“Words are one thing,” I say. “Action is what matters.”
I knew the moment Sithren gave me this gadget that I’d never use it. I knew that he was right when he told me I would be his. I am his. I love him. And my love makes me captive, just as he told me it would. What he didn’t tell me, at least, what I don’t remember him telling me, is how much joy I would find in it.
I take the button he gave me out of my pocket, and as he watches me, I open the back of it, pull the wires so it cannot transmit, then crush it between two rocks until it is a fine plastic powder.
There is no going back. There is only forward with my family here in the Dinavri wilds. I do not know what the future will bring, but I do know that whatever it looks like, whatever fate may bring, I am here.
For better or worse, I am home.
EPILOGUE
Years later…
It is Tethys’ thirteenth birthday. We have been in the wild for three years now. I am swelling with child, and I do mean swelling. Not just my belly, but my breasts, my ankles, and my belly besides. It has been almost nine months of slowly growing wider and rounder. Any day now, a new soul will join the wild.
“You should stop fussing,” Sithren says. “She will love what you have made her.” He is sitting at the door of the house, working on sharpening his spear. He is wearing nothing besides a thick band of fabric around his waist and through his thighs. He has been roughened and toughened by this life. His scaling shows some signs of sun bleaching. He’s broader and bigger, his body accustomed to the rigors of the hunt. He has not left my side for the last two weeks. I am due soon and he refuses to miss the birth. I think he is worried about me. The twins were hard births, and a surprise to us all.
I’ve been distracting myself by working on a new dress for Tethys. I never used to be a seamstress but being in the wild means having to develop new skills. Feeding ourselves, clothing ourselves, these are the fundamentals.
“Where are Henry and Melissa?”
“Following Tethys around like a couple of bad smells.” He smiles. “You know, she’s taking good care of them.”

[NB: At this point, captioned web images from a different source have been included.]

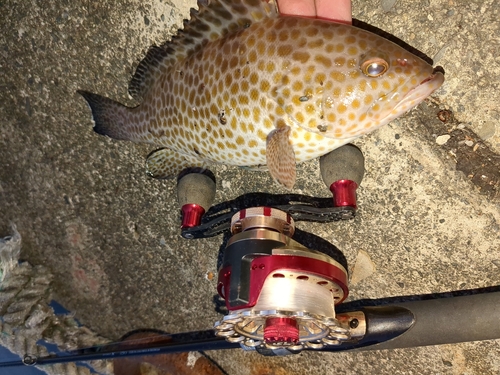 オオモンハタの釣果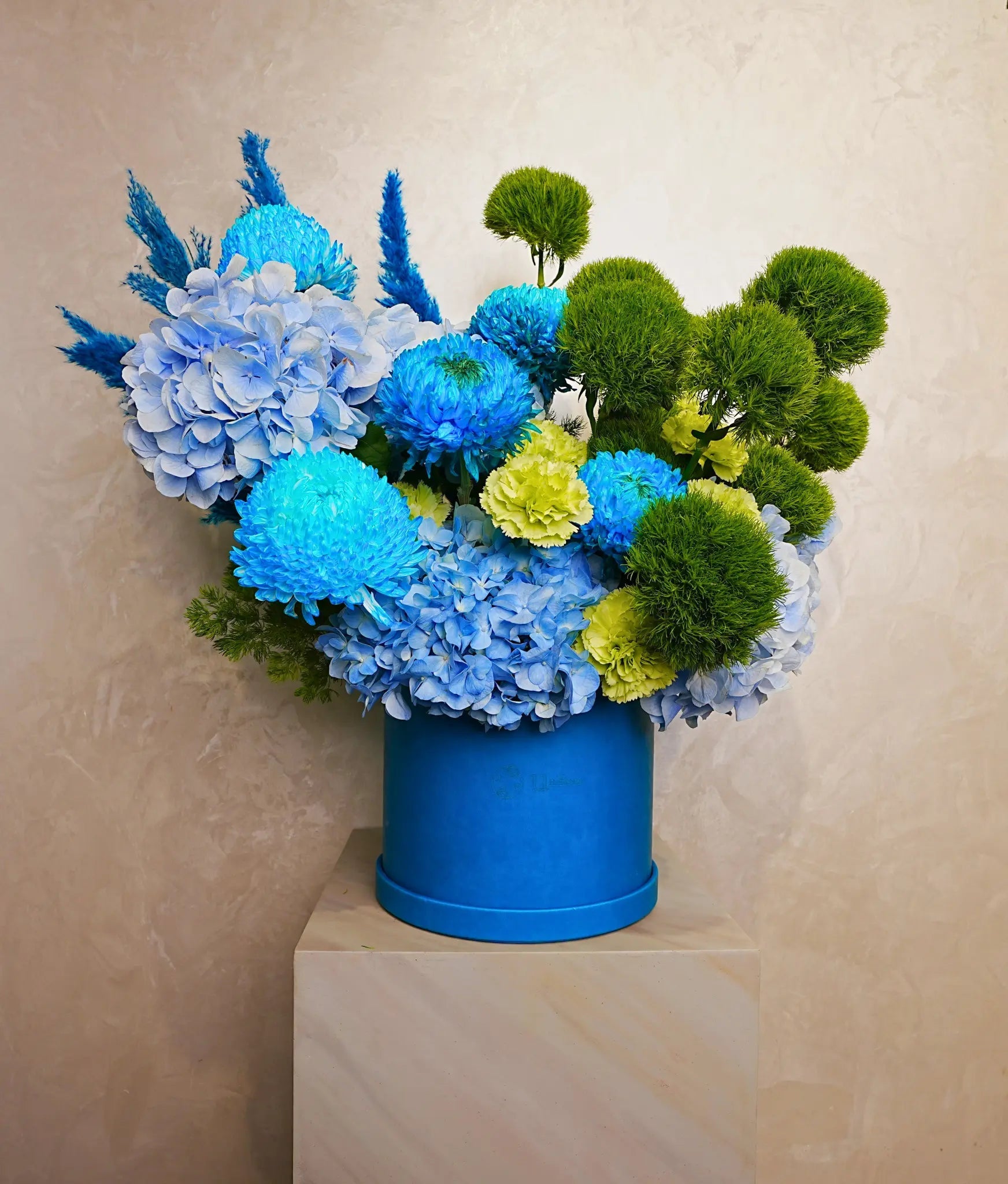 Blue Azurea - Uniflora
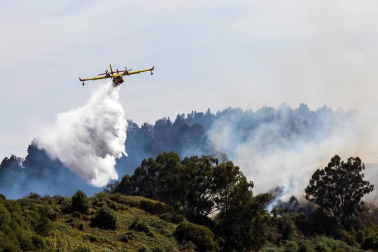 El incendio de Gran Canaria se descontrola y amenaza el parque natural de Tamadaba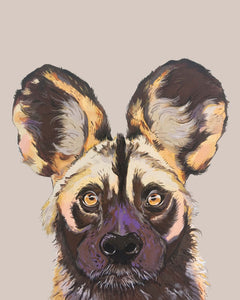 Willis the Wild Dog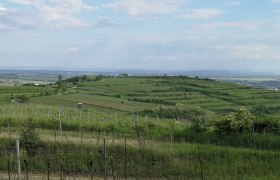 Weinberge auf dem Gaisberg mit weitem Blick über die Landschaft.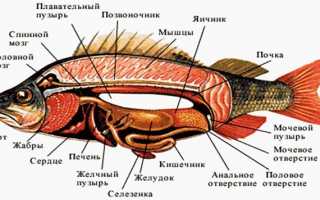 Внутренние органы горбуши + фото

Our twins are two years old and have attached to Tethys with great admiration. To the relief of the tribe, they do both have some scaling about their eyes and their ears and down their arms. They have slitted golden eyes and the cutest little sharp teeth. Other than that they look like humans, like me. I wonder if this next baby will look like them, or if he or she will be more human. I know I will love it no matter what it is.
“Mom!”
My kids are home.
Tethys is carrying Melissa. Henry is clutching Tethys’ dress and has his other hand stuffed in his mouth. The kid eats more dirt than he eats food. I used to try and stop it, but I have resigned myself to the inevitability of it now. Parenthood is about letting go or going insane.

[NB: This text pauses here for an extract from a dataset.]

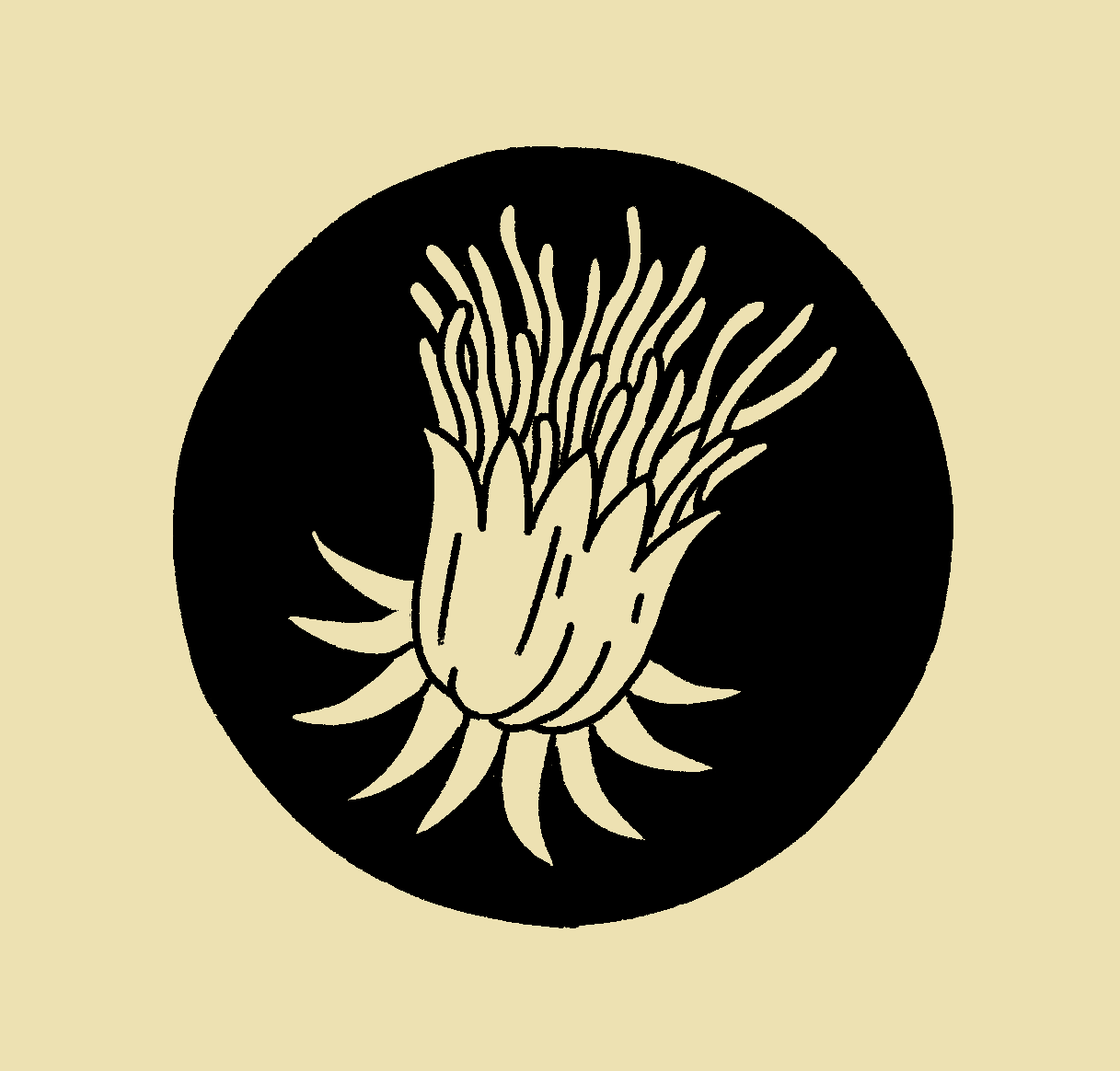 Unbenanntes_Projekt 16.png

“Is that for me?” Tethys sees the dress before I can hide it. I gathered berries to dye the cloth to a pink and purple hue. It’s very pretty, just as she is.

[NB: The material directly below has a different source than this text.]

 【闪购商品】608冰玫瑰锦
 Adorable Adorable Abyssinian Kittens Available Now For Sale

“Yes. It’s your present. Do you like it?”
“It’s so pretty!” she squeals. “Thank you! I can’t wait to try it on.”
“Pwetty!” Melissa echoes her older sister. Melissa wants nothing more than to be pink like Tethys, to be tall like Tethys, to be called Tethys, like Tethys.
“I’ve made you a little dress too, but you have to be good when the new baby comes,” I tell her. Reasoning with a two-year-old is fairly pointless, but I try anyway. Eventually, she’ll respond to it. For now she makes little chubby grabby hands for her dress.
I feel a sharp pain in my side, followed by a gush of warmth.
“Sithren!”
It’s happening. It’s happening right now. And it’s happening fast. I’ve been getting little contractions for a couple of days now, and I just ignored them. Now, I suddenly cannot ignore them. I can hardly breathe.
I bend double and Sithren takes me to the back where we agreed I’d give birth. It’s supposed to be a time of quiet contemplation, but that never pans out where I’m concerned. The villagers know to sweep my kids away so they don’t have to listen to the animal noises I make as new life uses my body as a portal.
Over the following hour, I come to a primal reckoning with myself and the process of birth. It hurts. They say it doesn’t hurt, but it absolutely does.